Thirdly, years of rising house prices have encouraged a culture of investment in bricks and mortar. This has diverted potential entrepreneurs into "property development" and away from perhaps more socially useful activity; has encouraged people to regard their house as their pension and so diverted capital away from business investment and formation; and might have encouraged early retirement and a loss of skilled labour*.
Fourthly, high house prices give people an incentive to protect their investments, and this breeds the sort of nimbyism which can delay infrastructure investment.
Fifthly, high housing costs encourage people to commute long distances. Not only is this bad for their well-being, but it can also depress their productivity.
I'll grant that there are some offsetting considerations. In the past, high house prices have been a source of collateral for entrepreneurs; thousands of people have taken out second mortgages to start businesses they'd otherwise be unable to.

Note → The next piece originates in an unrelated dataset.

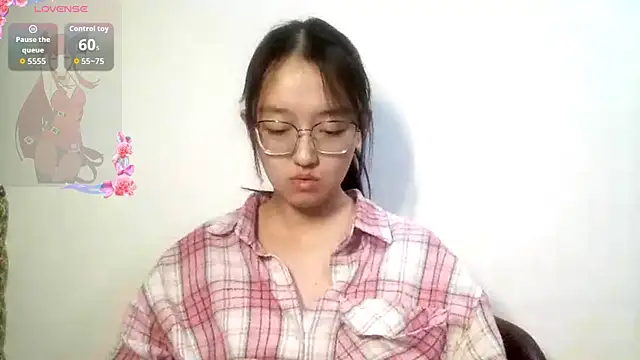 دردشة LinaClous الجنسية المباشرة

However, with so many energetic young people now locked out of home ownership, high house prices are perhaps less likely to stimulate entrepreneurship in the future.

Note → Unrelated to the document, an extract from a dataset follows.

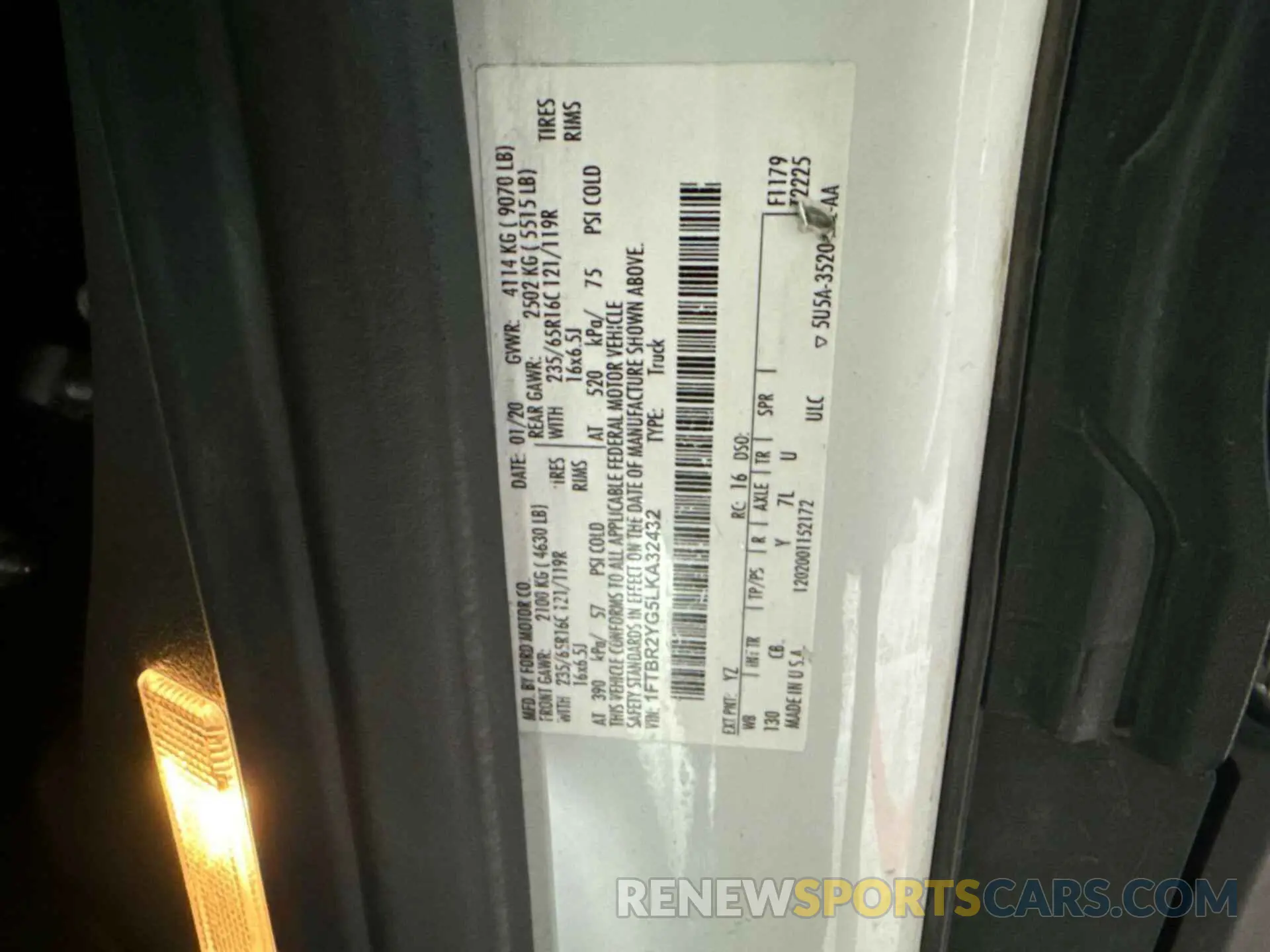1 Photograph of a damaged car 1FTBR2YG5LKA32432 FORD TRANSIT-250 2020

Also, you might argue that it's not wholly a bad thing that people are forced to rent. Andrew Oswald has shown that high home ownership impedes labour mobility and so raises frictional unemployment. I'm not sure how relevant this is, though. Big differences in rental costs across the country can also reduce mobility: many people can't afford to move to London, even if they were stupid enough to want to.
My point here is that we shouldn't simply be asking whether high housing costs are an unjust burden on young people. We should also consider the possibility that they damage the whole country's economic prospects. Slower long-term growth means there'll be less to spend on (among other things) the NHS, so even those of us who have benefited from high house prices up to now might suffer in future. Torsten Bell might well therefore be right to speak of a "housing disaster".
* I'll be retiring early thanks to the house price boom of 1994-2008 - not that it'll be a loss.